Report of the Committee of Eight.
This report on history in the elementary grades has been prepared by a committee of the American Historical Association, Professor James A. James, of Northwestern University, chairman, and will be published this fall by “Scribner’s.” The work for each of the eight grades is treated in detailed topics accompanied by reading lists for teachers and for pupils. The object of the course for the first two grades is “to give the child an impression of primitive life and an appreciation of public holidays.” Grade three deals with Heroes of Other Times, Columbus, and the Indians.
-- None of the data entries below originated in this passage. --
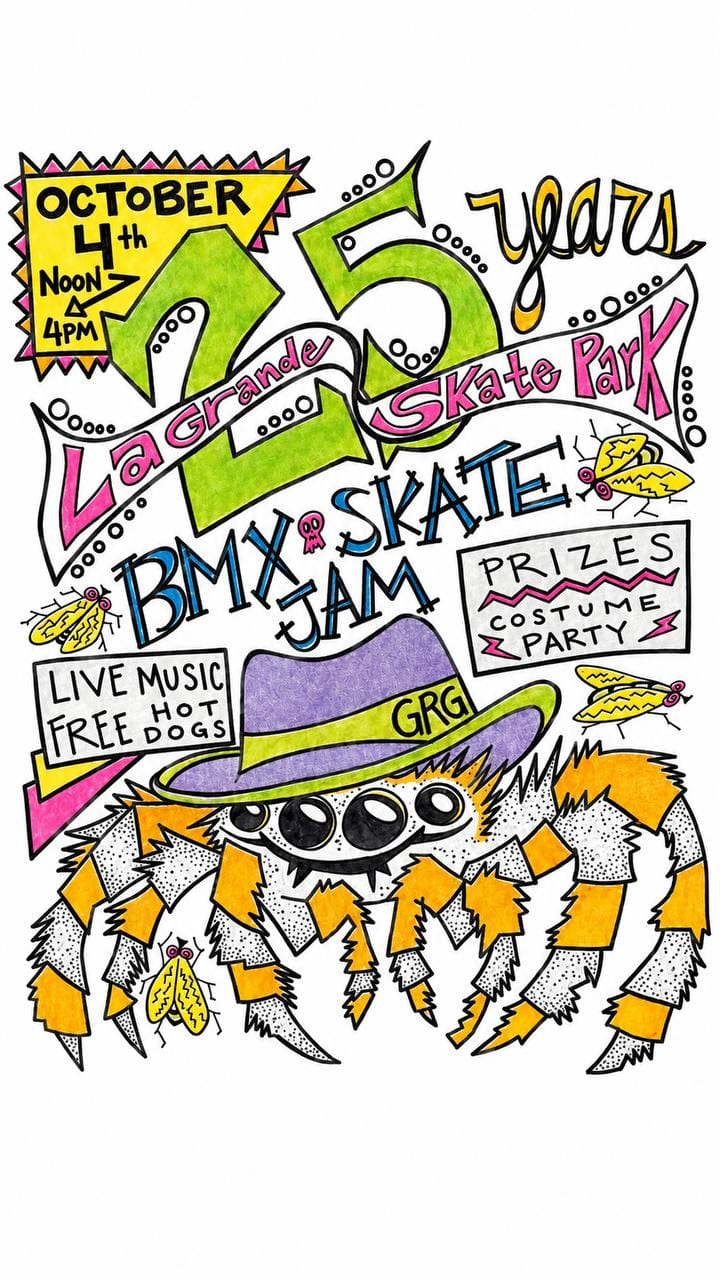 La Grande Skate Park 25th anniversary BMX and skate jam — Oct. 4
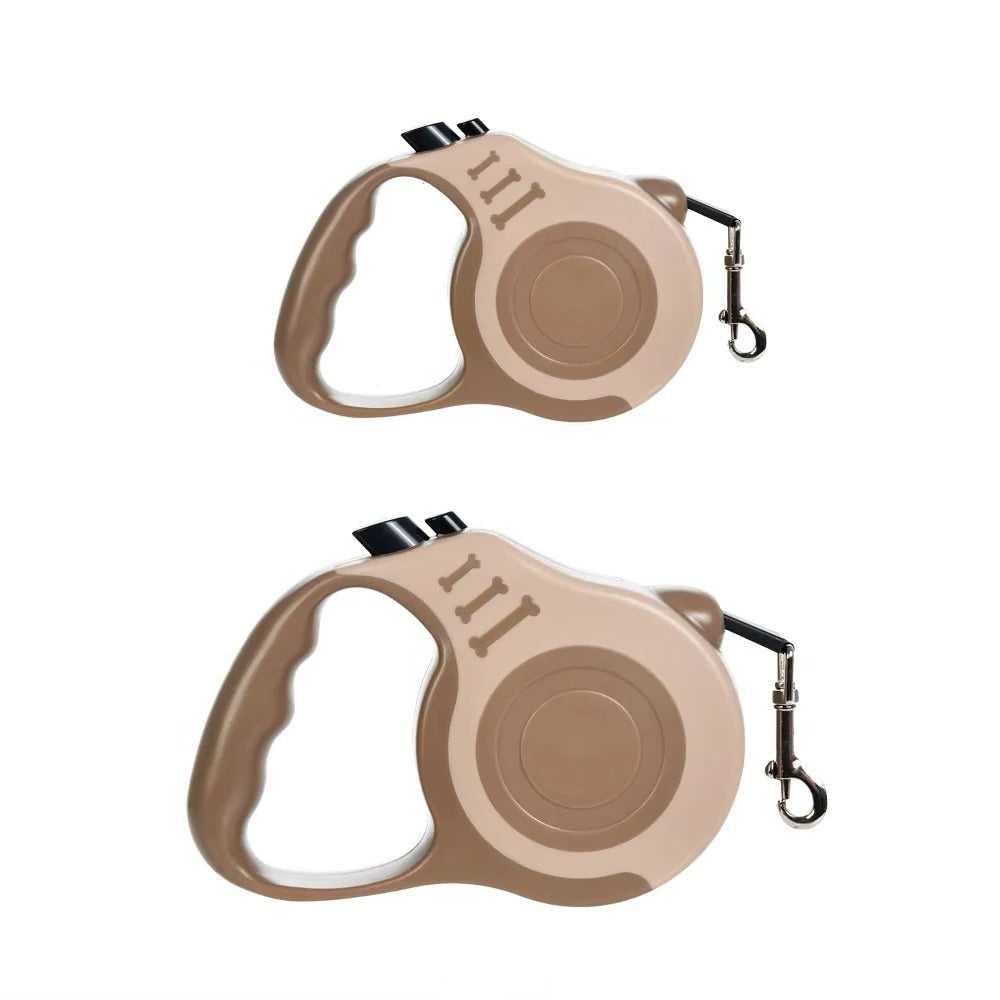 Dog Leash with Retractable Design and Durable Nylon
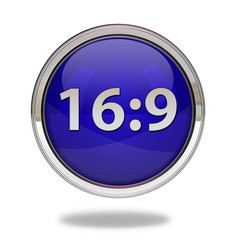 16:9 pointer icon on white background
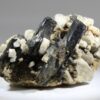 Aegirine on feldspar from Mt. Malosa, Malawi – black prismatic crystals on light feldspar matrix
In the fourth and fifth grades emphasis is placed on Historical Scenes and Persons in American History. The object sought in grade six is to impress on the child’s mind that “the beginnings of American ways of living are to be sought far back in the story of the world.” The topics, therefore, seek to bring out the contributions made by Greeks, Romans, and the people of medieval Europe, especially England, closing with the defeat of the Spanish Armada. The seventh grade topics deal with the exploration and settlement of North America and the growth of the colonies to 1763. The eighth grade topics bring United States history down to the present time, and suggest subjects for supplementary talks on European history.
The report also contains a chapter on Methods, an “Outline for Teaching the Development of a Constitutional Government in the Eighth Grade in Three Lessons of Forty Minutes Each,” contributed by Miss Blanche A. Cheney, of the Lowell, Mass., State Normal School; an “Outline for Teaching the Birth of the German Nation in the Eighth Grade,” by Miss Blanche E. Hazard, of the Brockton, Mass., High School; an article on elementary civics, and appendices on history teaching in German, French and English elementary schools.
The subject of history in the elementary grades has also been treated in a stimulating manner in a course prepared by Superintendent W. F. Gordy for the schools of Springfield, Mass. The work is here outlined for nine grades, the last being devoted to English history as related to the history of our own country.